Seven feet is the magic number in the International Residential Code, and it is measured from finished floor to finished ceiling. 

You should be able to apply for a variance (code modification request) and receive it if you can demonstrate that you're applying the sheetrock to the underside of the floor joists and are not furring the whole thing down unnecessarily. The jurisdiction's building official would be out of line to ask for more than that on an existing house. He has to be able to show that the ceiling was applied as high as is reasonably possible. If your house were still being built, that would change things a little, but there should be some wiggle room. 

If for some reason you can't get the variance approved, your city or county is required to have an appeals process.
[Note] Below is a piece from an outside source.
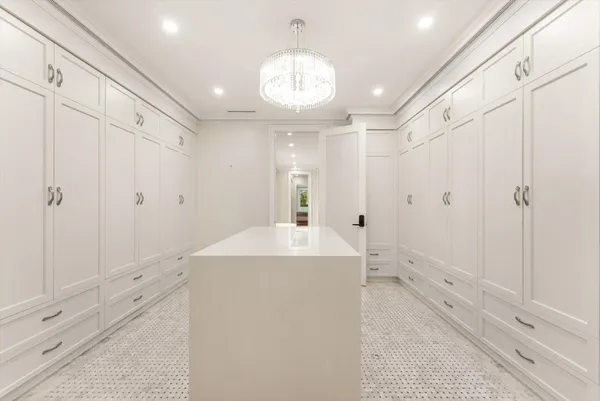 a spacious bathroom with a granite countertop sink mirror and a bathtub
This is usually a board of code review. 

As a city inspector, I'd be shocked if this weren't approved by the building official.


----------



## Termite (Apr 13, 2008)

If it took a week for a resident's call to my office to be returned, I would be standing tall in front of the mayor and the city council explaining myself. That is shameful!


----------



## RDS (Feb 29, 2008)

*Thanks*

One way or another I will have to speak with them, but it's good to have a general 'lay of the land' going in, so thanks.

I wish my town building office had standards of efficient service as high as yours, but such has not been my experience so far, unfortunately!


----------